In Nürnberg leistete man sich bis 2020 zwei Zeitungen, die im gleichen Verlag erscheinen und auch teilweise identisch sind. Vor allem Wochenendteile und die Lokalseiten in den Orten außerhalb Nürnbergs waren identisch, doch es gab an vielen Stellen auch Unterschiede. Insgesamt waren die Nürnberger Nachrichten eher links, die Nürnberger Zeitung stand eher in der Mitte.

Nürnberger Zeitung Screenshot
Die ehemals konservative Nürnberger Zeitung erscheint zwar noch, seit 2020 wird sie aber von der gleichen Redaktion wie die Nürnberger Nachrichten produziert. In älteren Werbungen war noch von Konservativ, klug, kritisch die Rede.

Allerdings kostete das viel Geld und seit 2020 werden beide Zeitungen in einer gemeinsamen Zentralredaktion produziert. Online gibt es überhaupt keinen Unterschied mehr. Also eher kein Modell für die Zukunft.

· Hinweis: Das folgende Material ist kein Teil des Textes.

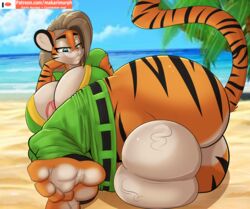1futa anthro ass autopaizuri balls beach between_breasts bimbo breasts cleavage clothed clothes_down curvy erection feline furry futa_only futa_sans_pussy futanari huge_ass huge_breasts hyper hyper_balls hyper_penis intersex makarimorph no_panties penis penis_out public tigress titjob wide_hips
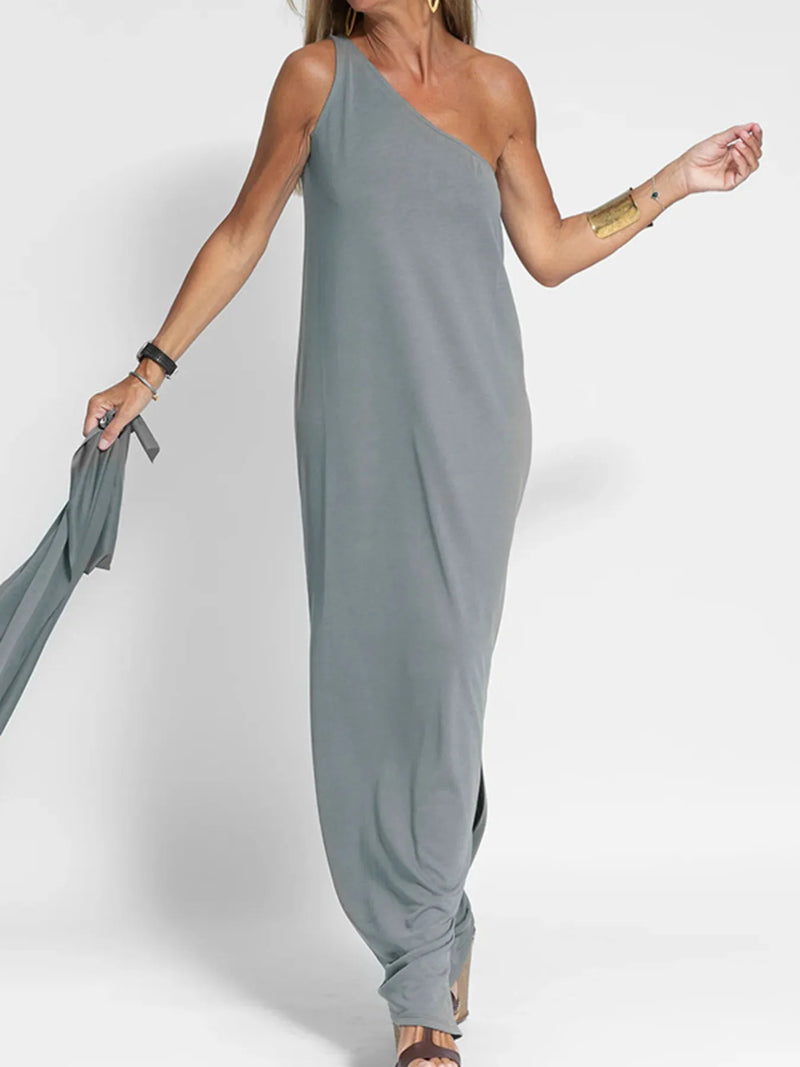one shoulder side slit maxi dress in gray front view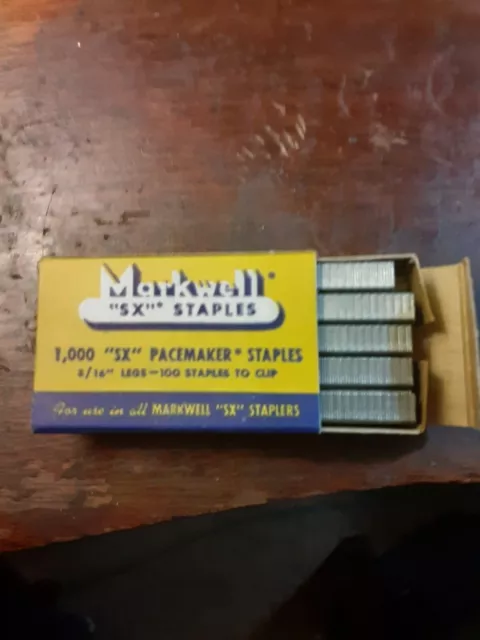 Vintage Markwell Staples “SX” Pacemaker 3/16” Leg.  Box Full 1000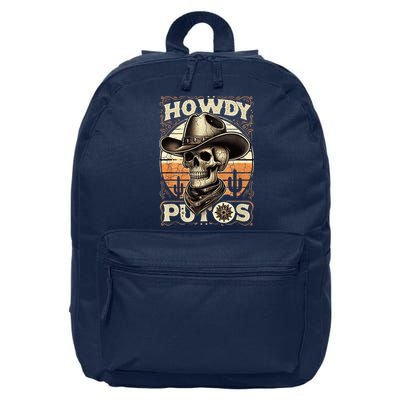 Clean Vintage Design With 'Howdy Putos' In Bold Ser 16 in Basic Backpack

Bleibt die Möglichkeit, sich gezielt Autoren mit abweichenden Meinungen einzukaufen. Oft reicht es schon, in den Kommentaren für etwas Meinungsvielfalt zu sorgen. Das ist auch die Strategie anderer Medien. Eine Auswertung aus den USA kam zu dem Ergebnis, dass dort in vielen vermeintlich konservativen Redaktionen die meisten Berichte eher „links“ eingefärbt sind, die Kommentare eher konservativ. Das scheint in Deutschland auch für die Welt zu gelten, wo die Mehrheit der Journalistinnen und Journalisten eher rot oder grün wählen, wie der Kolumnist Jan Fleischhauer mit Verweis auf eine interne Umfrage behauptet.

Fazit

Natürlich sind die ostdeutschen Medien nicht alleine Schuld an der Polarisierung in ihrem Bundesland. Trotzdem schadet es dem Diskurs, wenn sowohl öffentlich-rechtliche Angebote wie MDR und RBB sowie private wie die Thüringer Allgemeine politisch so weit von ihrem Durchschnittswähler entfernt sind.